Scrape Datasets from APEBench¤

APEBench is designed to tightly integrate its differentiable solver framework and hence (procedurally) regenerates the training data for each run. This notebook shows you how to export the generated arrays programmatically to use them in different settings like with PyTorch.

import jax.numpy as jnp

import apebench

Reading from a scenario¤

Let's instantiate the default scenario for 1d advection in difficulty mode.

advection_1d_difficulty = apebench.scenarios.difficulty.Advection()

Using the methods get_train_data() and get_test_data() procedurally generates the corresponding JAX arrays.

train_data = advection_1d_difficulty.get_train_data()
test_data = advection_1d_difficulty.get_test_data()

train_data.shape, test_data.shape

((50, 51, 1, 160), (30, 201, 1, 160))

From here on, you could use your preferred way to serialize the data or use it further in your application.

# jnp.save("advection_1d_train_data.npy", train_data)
# jnp.save("advection_1d_test_data.npy", test_data)

Modifiying the scenario¤

The important attributes that affect the size of the generated data are:

num_train_samples
train_temporal_horizon
num_test_samples
test_temporal_horizon

Additionally, the num_spatial_dims, num_points, and num_channels affect the latter axes in the data arrays.

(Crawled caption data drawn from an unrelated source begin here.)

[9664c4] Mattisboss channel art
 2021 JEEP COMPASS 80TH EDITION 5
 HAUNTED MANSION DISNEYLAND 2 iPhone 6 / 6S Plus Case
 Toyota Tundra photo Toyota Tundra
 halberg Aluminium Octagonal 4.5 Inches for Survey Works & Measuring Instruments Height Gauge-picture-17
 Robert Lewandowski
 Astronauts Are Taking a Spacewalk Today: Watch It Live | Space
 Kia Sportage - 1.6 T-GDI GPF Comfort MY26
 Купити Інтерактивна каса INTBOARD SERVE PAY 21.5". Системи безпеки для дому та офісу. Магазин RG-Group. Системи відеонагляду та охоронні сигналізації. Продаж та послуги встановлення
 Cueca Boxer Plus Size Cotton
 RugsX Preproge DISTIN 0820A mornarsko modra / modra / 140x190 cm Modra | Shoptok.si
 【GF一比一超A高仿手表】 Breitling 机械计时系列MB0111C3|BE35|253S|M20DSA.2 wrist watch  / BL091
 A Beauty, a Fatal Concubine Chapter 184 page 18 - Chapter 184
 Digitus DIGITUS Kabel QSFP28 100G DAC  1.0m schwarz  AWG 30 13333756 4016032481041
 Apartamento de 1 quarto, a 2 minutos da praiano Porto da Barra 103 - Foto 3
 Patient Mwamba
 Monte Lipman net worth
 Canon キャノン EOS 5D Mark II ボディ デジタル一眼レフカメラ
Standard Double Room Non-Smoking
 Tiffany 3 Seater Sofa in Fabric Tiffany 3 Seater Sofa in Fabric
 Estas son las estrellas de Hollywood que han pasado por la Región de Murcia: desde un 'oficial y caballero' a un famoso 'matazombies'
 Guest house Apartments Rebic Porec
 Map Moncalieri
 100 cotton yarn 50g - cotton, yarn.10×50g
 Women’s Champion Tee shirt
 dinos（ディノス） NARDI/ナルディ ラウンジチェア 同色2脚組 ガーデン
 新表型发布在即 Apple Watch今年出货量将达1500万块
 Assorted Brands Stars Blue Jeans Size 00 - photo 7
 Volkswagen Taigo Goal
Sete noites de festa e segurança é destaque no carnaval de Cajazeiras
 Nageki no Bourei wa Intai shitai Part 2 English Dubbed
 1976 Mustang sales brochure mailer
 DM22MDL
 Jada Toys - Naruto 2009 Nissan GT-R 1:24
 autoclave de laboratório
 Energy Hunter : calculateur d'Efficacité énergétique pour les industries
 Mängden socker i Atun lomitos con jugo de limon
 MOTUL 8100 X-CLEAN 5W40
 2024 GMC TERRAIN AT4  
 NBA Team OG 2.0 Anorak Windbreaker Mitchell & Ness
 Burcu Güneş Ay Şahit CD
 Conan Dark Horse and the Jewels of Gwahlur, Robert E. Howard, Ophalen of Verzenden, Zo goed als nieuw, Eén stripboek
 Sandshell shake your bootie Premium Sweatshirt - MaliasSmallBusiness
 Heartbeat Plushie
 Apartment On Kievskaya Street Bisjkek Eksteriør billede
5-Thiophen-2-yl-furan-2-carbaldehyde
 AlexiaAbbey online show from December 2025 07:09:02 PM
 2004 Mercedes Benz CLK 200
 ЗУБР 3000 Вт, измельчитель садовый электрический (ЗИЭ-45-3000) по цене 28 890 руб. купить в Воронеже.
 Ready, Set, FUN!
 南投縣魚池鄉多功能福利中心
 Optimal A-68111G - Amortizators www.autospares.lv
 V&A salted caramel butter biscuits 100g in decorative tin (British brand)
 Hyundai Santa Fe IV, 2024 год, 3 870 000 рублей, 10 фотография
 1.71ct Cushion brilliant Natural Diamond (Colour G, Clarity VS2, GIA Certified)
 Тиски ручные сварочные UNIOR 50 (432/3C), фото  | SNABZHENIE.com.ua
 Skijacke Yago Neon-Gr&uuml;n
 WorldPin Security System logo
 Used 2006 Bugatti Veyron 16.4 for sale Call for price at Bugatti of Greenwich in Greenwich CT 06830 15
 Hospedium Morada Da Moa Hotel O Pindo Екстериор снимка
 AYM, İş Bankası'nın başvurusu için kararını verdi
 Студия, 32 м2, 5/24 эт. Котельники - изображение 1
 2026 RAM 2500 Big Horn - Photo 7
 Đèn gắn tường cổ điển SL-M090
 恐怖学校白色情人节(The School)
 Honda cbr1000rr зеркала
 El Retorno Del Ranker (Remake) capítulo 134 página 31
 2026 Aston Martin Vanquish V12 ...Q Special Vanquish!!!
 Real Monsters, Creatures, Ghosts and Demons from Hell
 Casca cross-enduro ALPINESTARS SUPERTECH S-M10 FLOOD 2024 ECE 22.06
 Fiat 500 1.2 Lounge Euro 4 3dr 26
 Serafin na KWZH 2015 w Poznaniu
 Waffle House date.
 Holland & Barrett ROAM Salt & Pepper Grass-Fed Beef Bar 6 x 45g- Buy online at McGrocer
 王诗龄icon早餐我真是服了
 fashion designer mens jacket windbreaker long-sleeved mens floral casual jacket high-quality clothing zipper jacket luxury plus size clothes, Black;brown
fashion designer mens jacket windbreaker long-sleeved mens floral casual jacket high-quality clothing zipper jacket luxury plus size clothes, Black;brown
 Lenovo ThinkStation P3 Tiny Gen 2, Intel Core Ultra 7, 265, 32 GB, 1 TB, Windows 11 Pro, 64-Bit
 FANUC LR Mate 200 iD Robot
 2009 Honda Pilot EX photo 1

The seed for data generation can altered by:

train_seed
test_seed

modified_advection_1d_difficulty = apebench.scenarios.difficulty.Advection(
    num_train_samples=81,
    train_temporal_horizon=42,
    train_seed=-1,
    num_test_samples=3,
    test_temporal_horizon=101,
    test_seed=-3,
)

modified_train_data = modified_advection_1d_difficulty.get_train_data()
modified_test_data = modified_advection_1d_difficulty.get_test_data()

modified_train_data.shape, modified_test_data.shape

((81, 43, 1, 160), (3, 102, 1, 160))

Exporting Metadata¤

To get additional information on the data, it can be helpful to extract the attributes of the scenario. Since each scenario is a dataclass, its members can easily be converted into a dictionary.

Let's first print the representation of the scenario

modified_advection_1d_difficulty

Advection(
  num_spatial_dims=1,
  num_points=160,
  num_channels=1,
  ic_config='fourier;5;true;true',
  num_warmup_steps=0,
  num_train_samples=81,
  train_temporal_horizon=42,
  train_seed=-1,
  num_test_samples=3,
  test_temporal_horizon=101,
  test_seed=-3,
  optim_config='adam;10_000;warmup_cosine;0.0;1e-3;2_000',
  batch_size=20,
  num_trjs_returned=1,
  record_loss_every=100,
  vlim=(-1.0, 1.0),
  report_metrics='mean_nRMSE',
  callbacks='',
  gammas=(0.0, -4.0, 0.0, 0.0, 0.0),
  coarse_proportion=0.5,
  advection_gamma=-4.0
)

Then import the function form the dataclasses module and convert the scenario to a dictionary.

from dataclasses import asdict

modified_metadata = asdict(modified_advection_1d_difficulty)

modified_metadata

{'num_spatial_dims': 1,
 'num_points': 160,
 'num_channels': 1,
 'ic_config': 'fourier;5;true;true',
 'num_warmup_steps': 0,
 'num_train_samples': 81,
 'train_temporal_horizon': 42,
 'train_seed': -1,
 'num_test_samples': 3,
 'test_temporal_horizon': 101,
 'test_seed': -3,
 'optim_config': 'adam;10_000;warmup_cosine;0.0;1e-3;2_000',
 'batch_size': 20,
 'num_trjs_returned': 1,
 'record_loss_every': 100,
 'vlim': (-1.0, 1.0),
 'report_metrics': 'mean_nRMSE',
 'callbacks': '',
 'gammas': (0.0, -4.0, 0.0, 0.0, 0.0),
 'coarse_proportion': 0.5,
 'advection_gamma': -4.0}

You can dump this data to a JSON file or use it in any other way you see fit.

# import json
# with open("modified_advection_1d_difficulty.json", "w") as f:
#     json.dump(modified_metadata, f)

Using the scraping API¤

APEBench provides a structured way to get train data, test data, and metadata from a scenario.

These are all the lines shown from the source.